Kelly Ortberg, an experienced figure in the aerospace industry, assumed the role of Boeing’s CEO last month during a pivotal period for the company. Boeing has been grappling with numerous issues that have severely damaged its reputation.
In a letter to staff, Ortberg acknowledged the extensive work needed to restore trust but expressed confidence that collaborative efforts would help the company reclaim its position as an industry leader. His immediate challenge is a strike by 33,000 machinists that began on September 13. The International Association of Machinists and Aerospace Workers reported that 94.6% of voting members rejected a contract proposal that included a 25% pay raise over four years; 96% approved the strike.
Analysts from Northcoast Research estimate the strike could cost Boeing around $100 million in daily revenue. According to Ashley Fulmer, an assistant professor of managerial science at Georgia State University’s Robinson College of Business, the new CEO has a limited window to build trust and redirect the company, emphasizing the difficulty of overcoming the emotional fallout from past failures.
On September 23, Boeing presented what it termed its “best and final contract offer,” which proposed a 30% wage increase over four years, up from 25%, and doubled the ratification bonus to $6,000, along with reinstating an annual bonus. IAM International President Brian Bryant stated that Boeing’s latest proposal is under review, with the union prioritizing respect, fair pay, and progress on retirement security and other key issues.

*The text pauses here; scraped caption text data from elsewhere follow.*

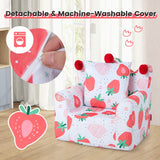NNECW Dinosaur/Strawberry Toddler Couch with Ultra-Soft Velvet Cover for Kids-Strawberry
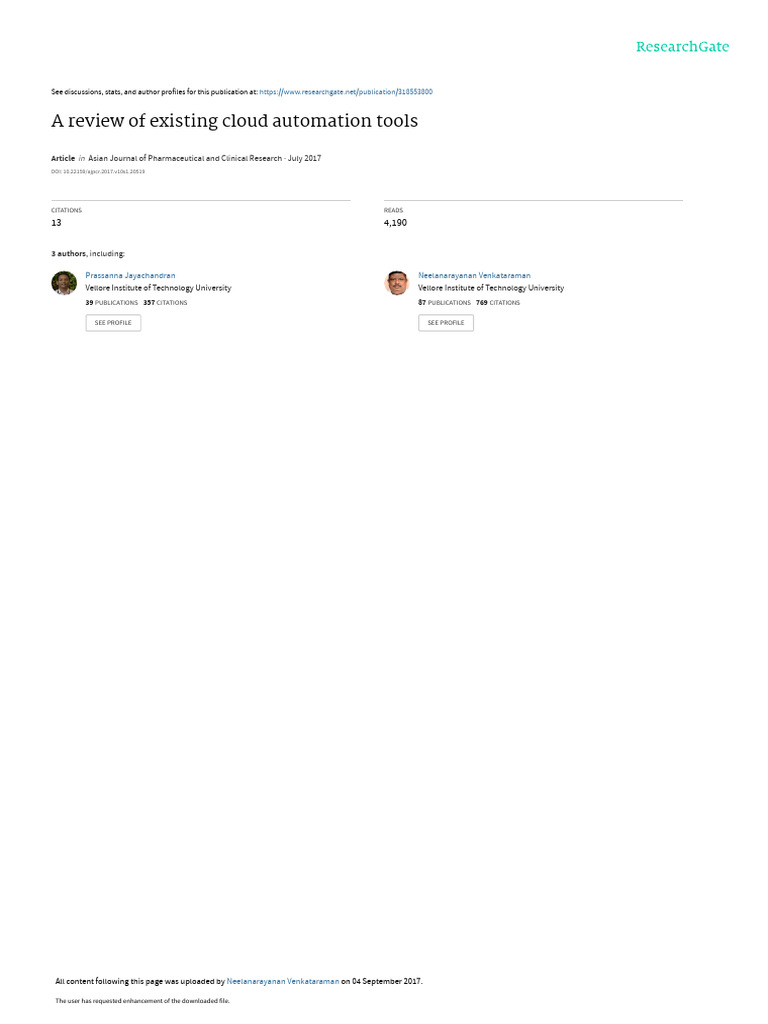 A Review of Existing Cloud Automation Tools | PDF | Cloud Computing ...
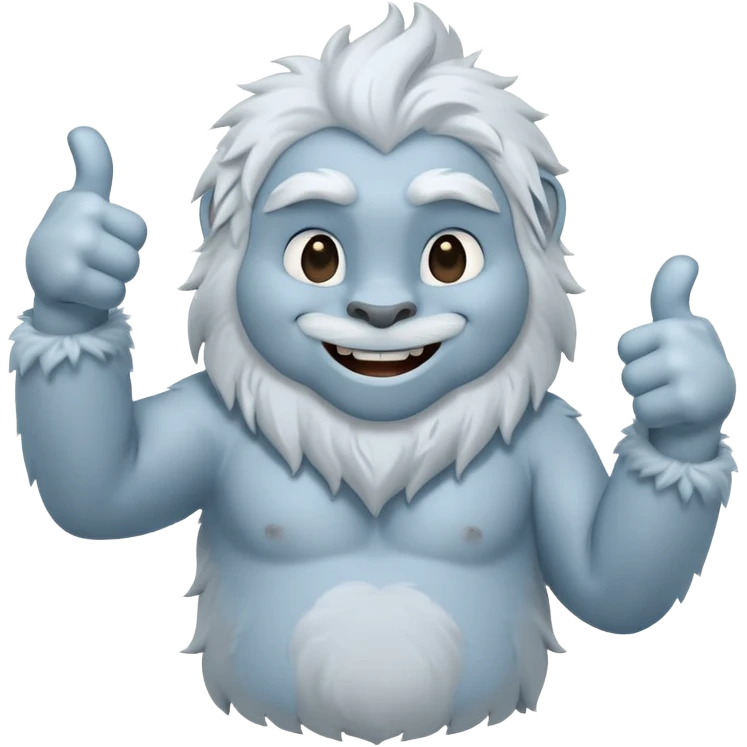 yeti, full body, ice grey blue, full body fur, thumbs up, smiling, winking emoji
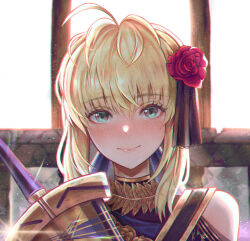 Rule 34 | 1girl, ahoge, artoria pendragon (all), artoria pendragon (fate), blonde hair, blush, elker, fate/grand order, fate/stay night, fate (series), green eyes, hair between eyes, hair ribbon, highres, long hair, looking at viewer, ribbon, saber (fate), scabbard, sheath, smile, solo, sword, weapon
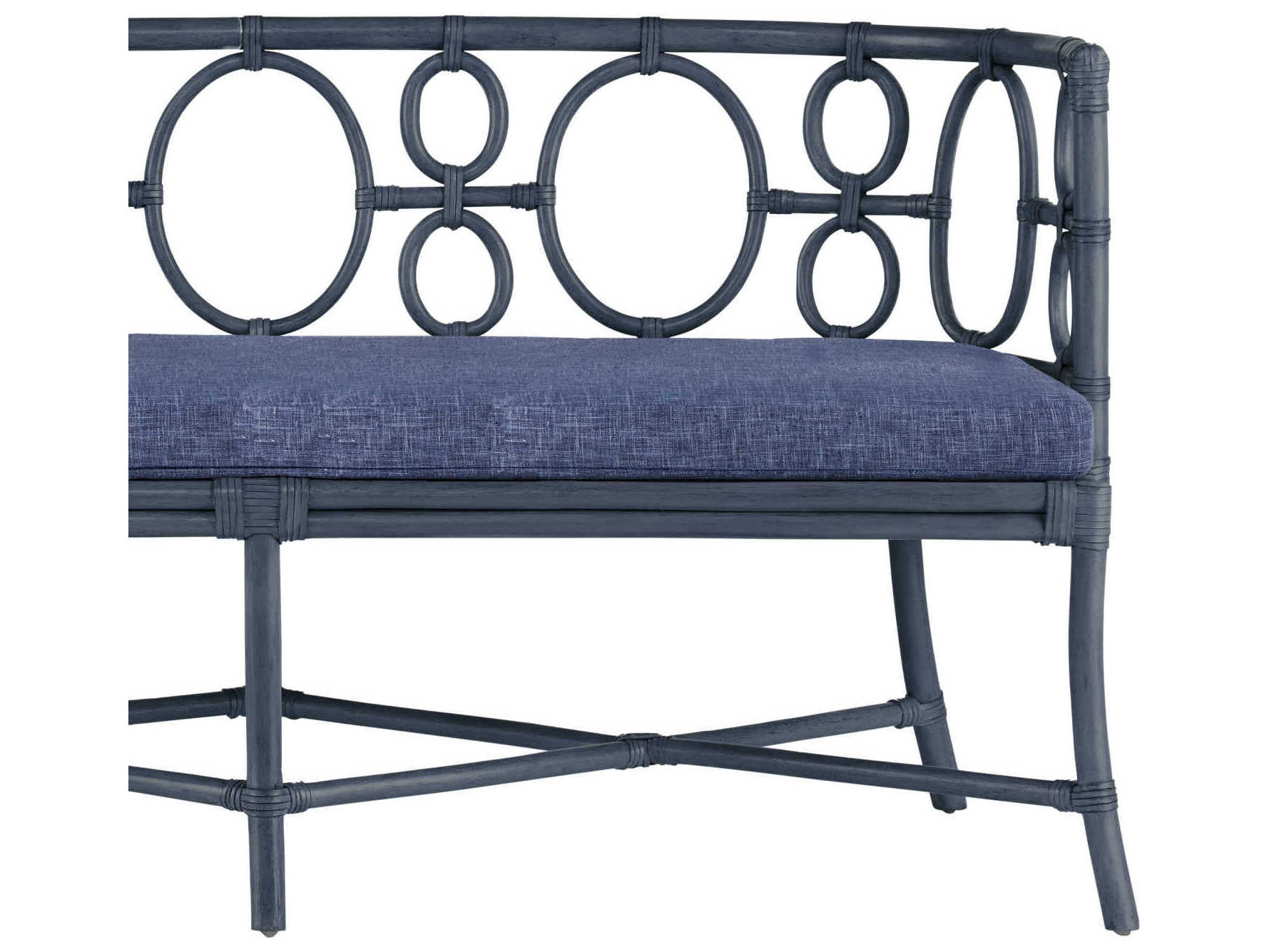 Currey & Company Tegal Vintage Navy Finn Indigo Blue Upholstered Accent Bench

Boeing’s Chief Financial Officer Brian West warned in a memo that the strike could significantly impact the company’s recovery, leading to cost-saving measures such as worker furloughs, cessation of all first- and business-class travel for workers including executives, pausing supplier shipments for some planes, and halting all noncustomer-related catering services at its offices.
Before the strike, Boeing faced substantial financial challenges. The Federal Aviation Administration (FAA) launched an investigation following a January 5 incident where an Alaska Airlines flight had to make an emergency landing due to a door plug blowing off a Boeing 737 Max 9 mid-flight. Additionally, a design flaw in the 737 Max led to fatal crashes in 2018 and 2019, resulting in a 20-month grounding of the jet and continued scrutiny on the company’s quality control.
In light of these systemic issues, FAA Administrator Mike Whitaker stated that Boeing needs to make significant changes to its quality system, emphasizing that he would use his full authority to ensure accountability from manufacturers, air carriers, and within the FAA itself. He intends to convey this commitment to Congress.
In a separate development, Boeing announced that Ted Colbert, president and CEO of its Defense, Space & Security unit, is departing the company. Steve Parker, the unit’s Chief Operating Officer, will take over Colbert’s responsibilities until a successor is appointed. Boeing’s Defense, Space & Security unit reported substantial financial losses in recent quarters, including a $913 million loss in the second quarter, up from $527 million the previous year, and an annual loss of $1.8 billion for 2023.
Jefferies analyst Sheila Kahyaoglu recently revised the investment firm’s price target on Boeing from $270 to $240, maintaining a buy rating. Kahyaoglu noted the unpredictability of the IAM strike but adjusted expectations based on a projected four-week duration, accounting for a likely slower 737 production ramp and ongoing defense pressures.